_Data extract_

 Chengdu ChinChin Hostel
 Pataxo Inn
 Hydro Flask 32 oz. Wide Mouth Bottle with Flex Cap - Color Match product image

_Your assignment_
Restate the material word for word.

_Your response_
 Chengdu ChinChin Hostel
 Pataxo Inn
 Hydro Flask 32 oz. Wide Mouth Bottle with Flex Cap - Color Match product image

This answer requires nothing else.